The result of the Scottish independence referendum in September 2014, with a clear margin in favour of staying in the UK, seemed to put paid for the foreseeable future to the most significant threat to the Union. Having been touted as a ‘once in a generation’ vote, it seemed there would be little to justify a re-run any time soon.
But the result of the EU referendum in June 2016 seems to have put the cat amongst the pigeons once more. Many opinion polls have suggested rising support for independence and the SNP won another term in power at Holyrood in May 2016 calling for another vote if there were a ‘significant and material change in the circumstances that prevailed in 2014, such as Scotland being taken out of the EU against our will’. In September this year, Scotland’s first minister, the SNP’s Nicola Sturgeon, announced that she would seek the power from Westminster to hold another independence referendum in 2020.

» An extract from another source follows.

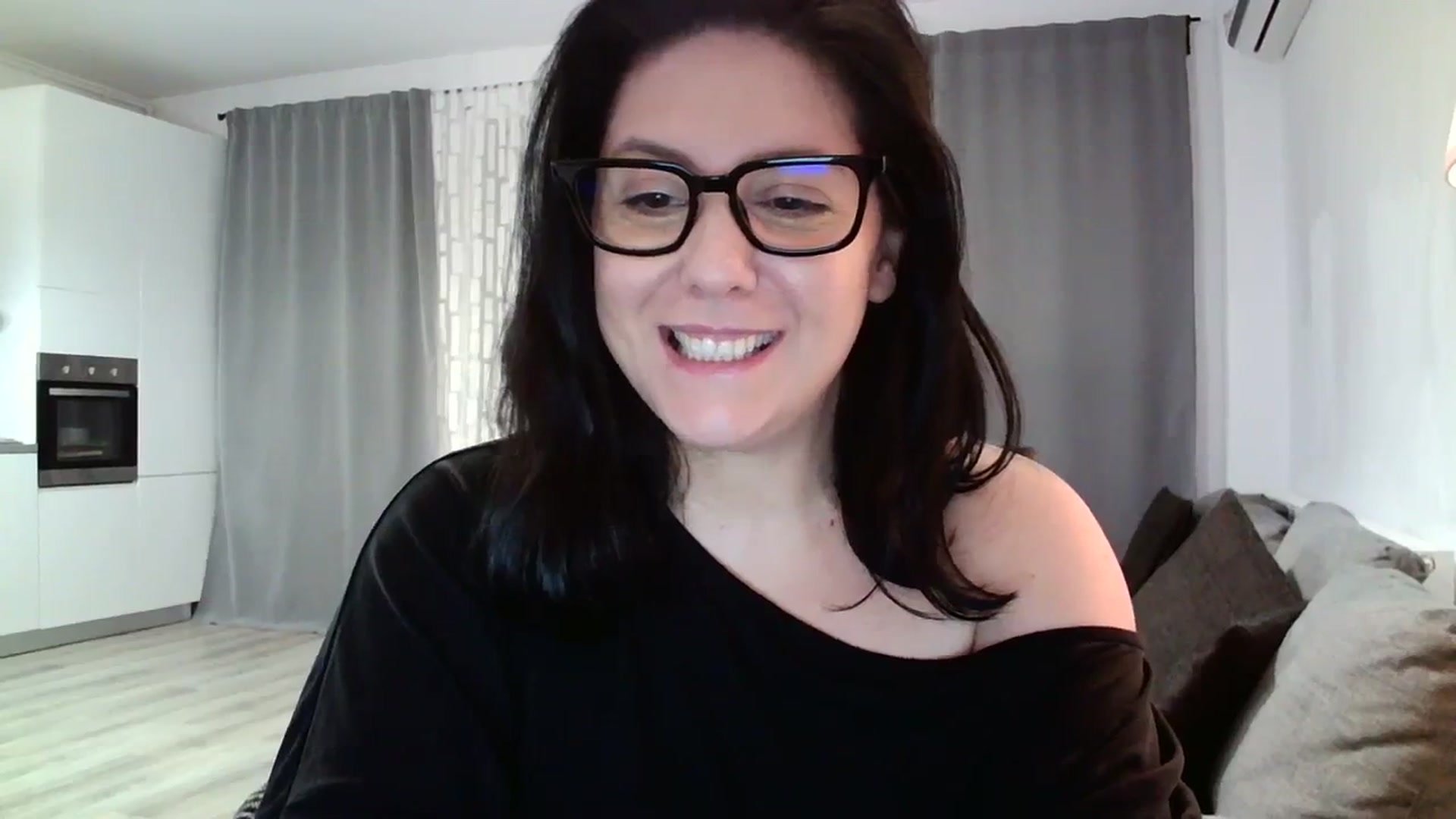 Gallery image thumbnail from SILKYWOMAN's myfreecams stream on, 02/17/2024, 20:45 image 7 of 20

But the problems for the UK don’t stop with Scotland. The future of Northern Ireland has been a constant bone of contention since the Brexit vote. The ‘backstop’ in the proposed EU Withdrawal Agreement – which was supposed to cement Northern Ireland’s place in the Union while keeping an open border with the South – has been rejected by the new prime minister, Boris Johnson. With the prospect of a ‘hard border’ if there is a ‘no deal’ Brexit, demands from Irish nationalists for reunification are bound to increase. In September, a shock opinion poll in Wales suggested that a quarter of the electorate would vote for Welsh independence. More generally, devolution, which was supposed to satisfy demands for greater autonomy for the different UK nations, appears to have exacerbated separatist tendencies.
Johnson has declared that he wants to keep the UK as the ‘awesome foursome’, but the pressures on the Union have clearly increased. However, there are still plenty of barriers to the break-up of the UK. The SNP does not have the power to call an independence referendum and is unlikely to be granted one while the Conservatives are in office in Westminster. Moreover, there seems to be little appetite for another divisive referendum campaign north of the border. If the UK’s departure from the EU has been fraught with logistical difficulties, how much greater will those be for Scotland to separate from a 300-year-old union? There is no majority in Northern Ireland for reunification and the Good Friday Agreement demands consent.
Is the Union really in imminent danger? What is the positive case for the UK today? Is it just a convenient economic arrangement or is there still a deeper connection?